- [Try it] What are the lines below, starting at the line containing "Halloween Haunt 2022!" and ending at the line containing "Besatz im Aquarium 1000l Altum-Biotop"? Write them out exactly, ends included, without pictures.

Material provided: Begin

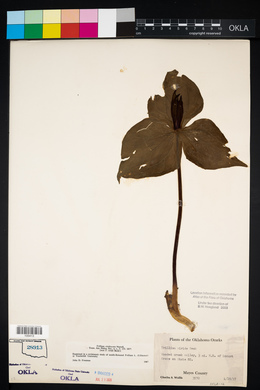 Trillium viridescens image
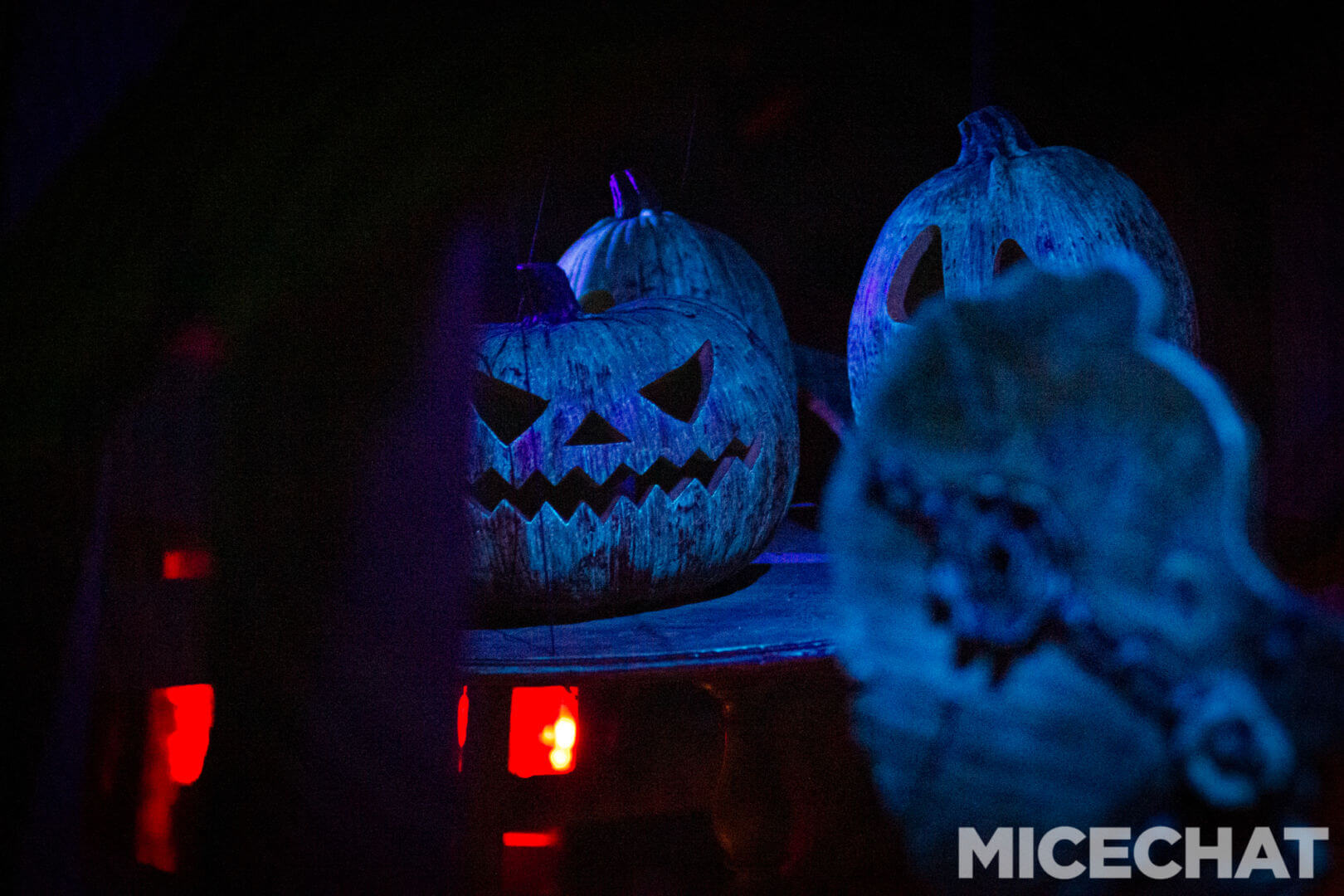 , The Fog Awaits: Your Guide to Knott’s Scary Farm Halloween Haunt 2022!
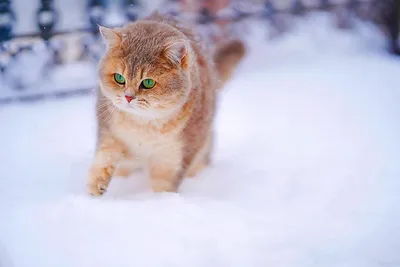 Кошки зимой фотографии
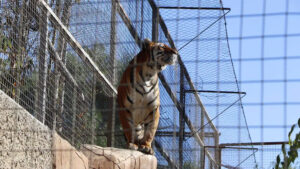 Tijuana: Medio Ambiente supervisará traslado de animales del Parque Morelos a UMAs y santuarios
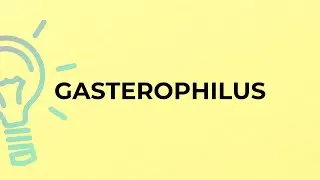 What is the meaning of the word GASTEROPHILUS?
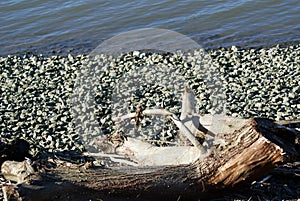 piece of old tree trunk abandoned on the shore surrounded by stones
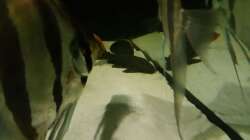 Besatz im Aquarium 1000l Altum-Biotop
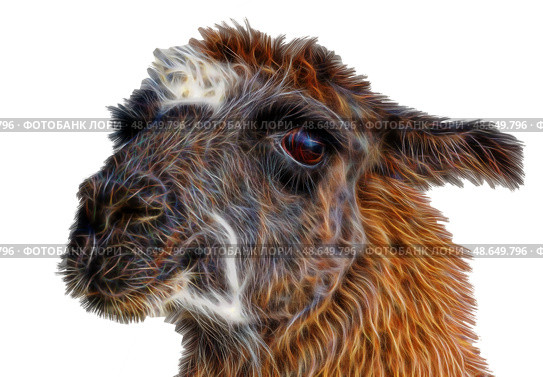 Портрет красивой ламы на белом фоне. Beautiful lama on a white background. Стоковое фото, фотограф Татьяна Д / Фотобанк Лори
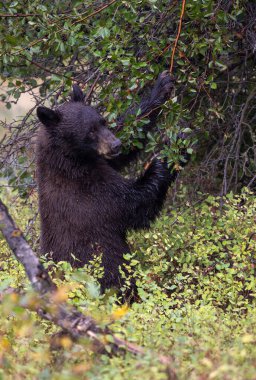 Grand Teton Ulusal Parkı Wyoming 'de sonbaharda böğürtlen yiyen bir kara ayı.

Material provided: End

- [Solution to this exercise]
 , The Fog Awaits: Your Guide to Knott’s Scary Farm Halloween Haunt 2022!
 Кошки зимой фотографии
 Tijuana: Medio Ambiente supervisará traslado de animales del Parque Morelos a UMAs y santuarios
 What is the meaning of the word GASTEROPHILUS?
 piece of old tree trunk abandoned on the shore surrounded by stones
 Besatz im Aquarium 1000l Altum-Biotop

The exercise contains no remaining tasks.